Command line used to produce this report: analyze -dtoo -ptoo -t -html -png -dbusy -diag -gd /tmp -pf 20070314 sar14B

Table of Contents

SUMMARY

When the data was collected, occasional CPU bottlenecks may have existed. No memory bottleneck was seen. At least one disk drive was busy enough to suggest an impending performance bottleneck. A change has been recommended to at least one tunable parameter. Limits to future growth have been noted in the Capacity Planning section.

Some of the defaults used by SarCheck's rules have been overridden using the sarcheck_parms file. See the Custom Settings section of the report for more information.

RECOMMENDATIONS SECTION

All recommendations contained in this report are based solely on the conditions which were present when the performance data was collected. It is possible that conditions which were not present at that time may cause some of these recommendations to result in worse performance. To minimize this risk, analyze data from several different days, implement only regularly occurring recommendations, and implement them one at a time.

Because occasionally heavy CPU utilization was seen, adjusting process priorities with the priocntl or nice command, optimizing applications, or improved job scheduling may help to prevent occasional performance degradation. A CPU upgrade may not be necessary due to the infrequent nature of the heavy load.

There may be an advantage in moving some of the I/O load from these busy disks: sd2048 , sd2050 , sd2198 , sd2204 .

Change the value of autoup from 30 to 60. This parameter can be changed by adding the following line to the /etc/system file: 'set autoup = 60'. Due to heavy CPU utilization by the fsflush daemon, an increase in the value of autoup is recommended. NOTE: Don't forget to check /etc/system first to see if there's already a set command modifying this tunable parameter. If there is, modify that command instead of adding another one.

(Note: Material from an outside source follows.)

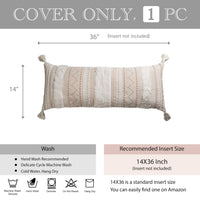 Beige Tufted Lumbar Pillow Cover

More information on how to change tunable parameters is available in the System Administration Guide. We recommend making a copy of /etc/system before making changes, and understanding how to use boot -a in case your changes to /etc/system create an unbootable system.

RESOURCE ANALYSIS SECTION

While average CPU utilization was only 51.6 percent, occasional bursts in excess of 70 percent were seen. Depending on their frequency, periods of performance degradation due to CPU loading may have been felt by end users. User CPU as measured by the %usr column in the sar -u data averaged 33.8 percent and system CPU (%sys) averaged 17.8 percent. The sys/usr ratio averaged 0.53 : 1. CPU utilization peaked at 80 percent from 08:30:01 to 08:50:00. Peak resource utilization statistics can be used to help understand performance problems. If performance was worse during the period of peak CPU utilization, then a performance bottleneck may be the CPU.

Analysis of sar -u '%wio'and '%idle' statistics are suppressed because multiple processors were seen. This data is meaningless and possibly misleading when multiple processors are in use.

The following graph shows average CPU utilization on 03/14/2007 and the y-axis shows the average percent of time that the processors are busy.

Graph of CPU utilization

The run queue had an average depth of 1.9. This indicates that there was not likely to be a performance problem caused by processes waiting for the CPU. Average run queue depth (when occupied) peaked at 2.8 from 21:30:00 to 21:50:01. During that interval, the queue was occupied 8 percent of the time.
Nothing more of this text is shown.